Pot Roast Platter

Pot Roast Platter


6 people


  • 3 pounds beef chuck roast
  • 3 medium onions, sliced
  • 2 tablespoons Sugar
  • 2 teaspoons Salt
  • 1/4 teaspoon Black Pepper
  • 1 clove garlic, minced
  • 1 bay leaf
  • 3 tablespoons vinegar
  • 12 whole medium carrots, peeled
  • 6 whole medium potatoes, peeled
Complete oven meal - economizes on money and energy.


  1. In large Dutch oven or heavy pan, place pot roast on bed of sliced onions. In small bowl, combine sugar, salt and pepper; sprinkle half on top of roast, turn and sprinkle other side with remainder.
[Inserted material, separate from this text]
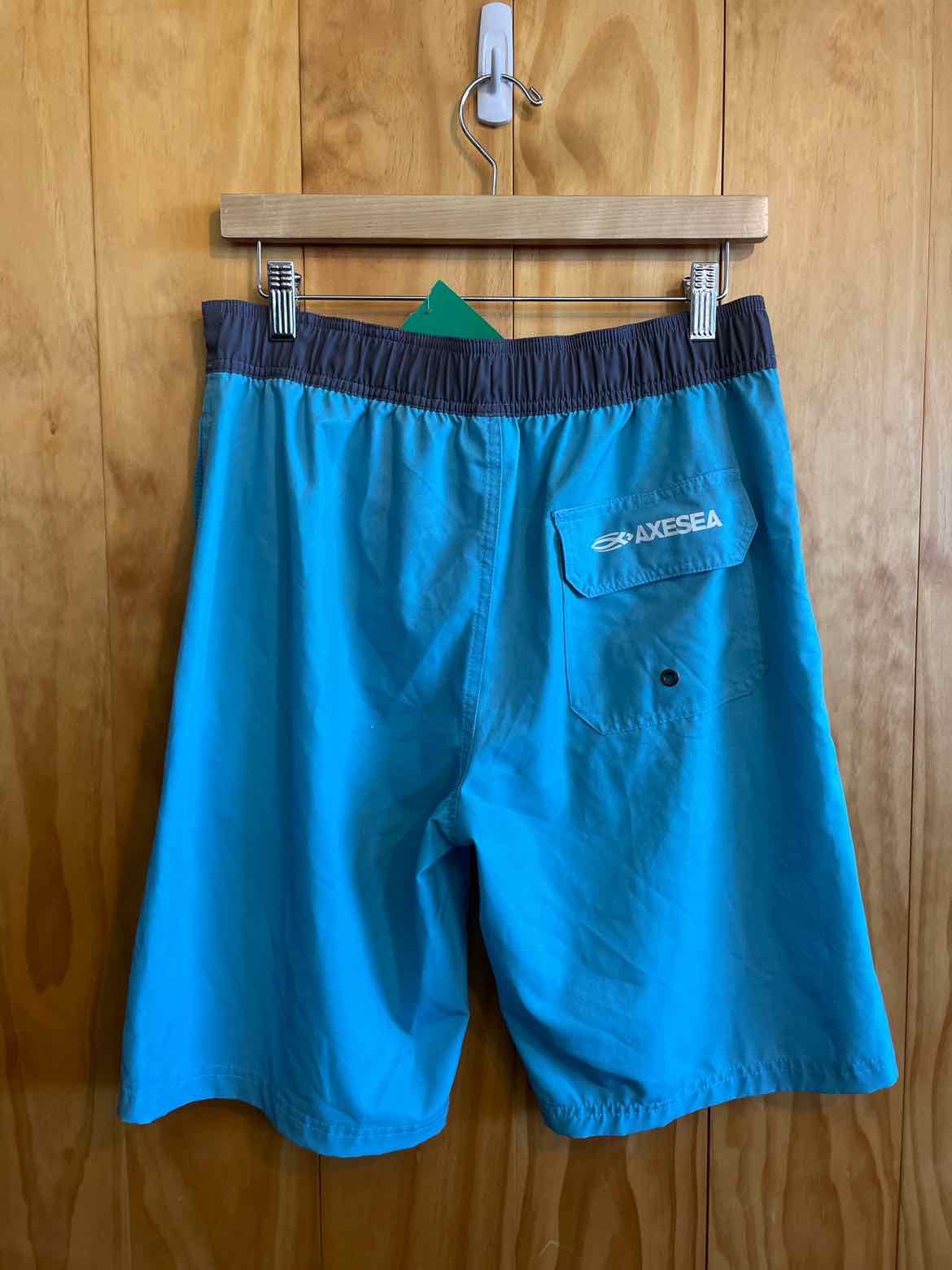 Size 30 Axesea Men's Swim Trunks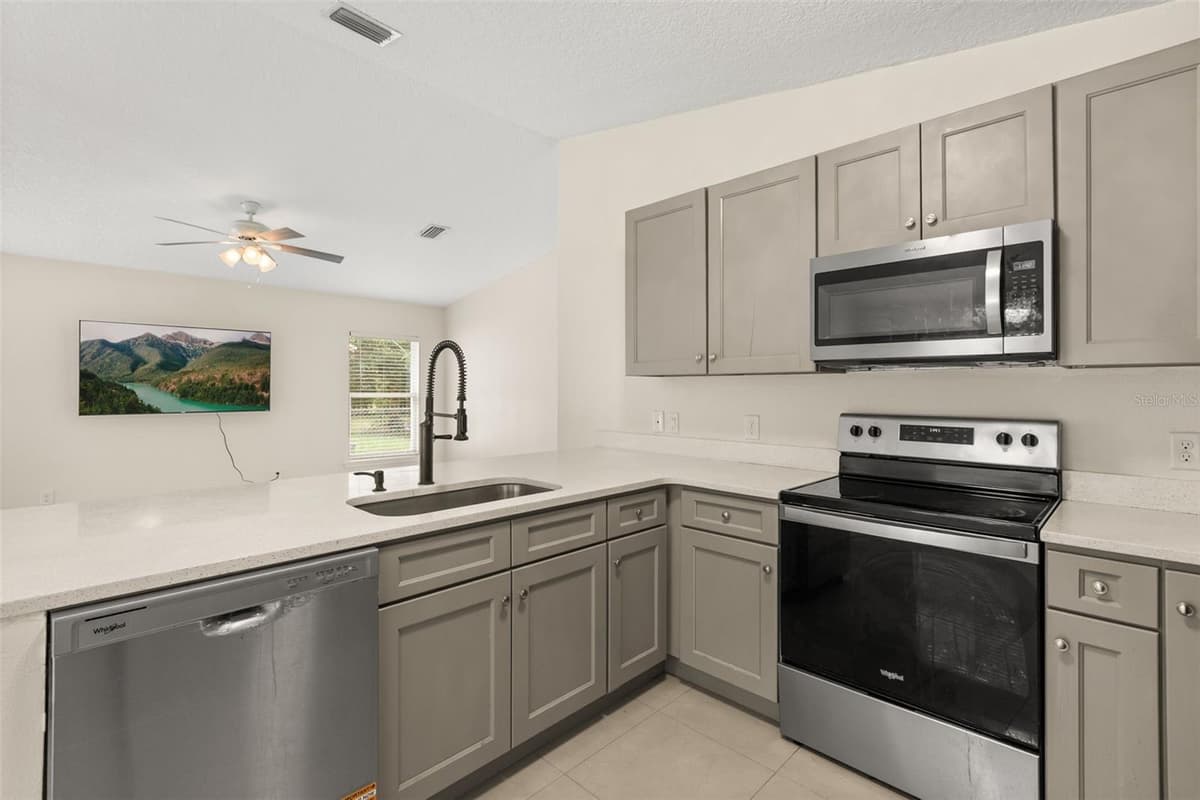 339 CHINABERRY AVENUE — photo 11 of 35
Add garlic, bay leaf and vinegar. Bake, covered, in a preheated 325 F oven until tender (2 1/2-3 hours). Add vegetables during the last 1 1/2 hours. Remove meat from pan; slice at a slight angle in thin slices across grain. Serve with Gravy or Horseradish Sauce.

Chef’s tip

Gravy: Juices may be thickened with mixture of 2 tablespoons flour, 4 tablespoons water, 1 teaspoon browning and seasoning sauce.

Horseradish Sauce: In medium saucepan, combine 1 (10 3/4 ounce) can cream of celery soup, 1/3 cup prepared horseradish, 1/4 cup milk and 1 tablespoon prepared mustard; heat thoroughly.

* Recipes created for given quantity. Changes to quantities are for planning purposes only and have not been tested.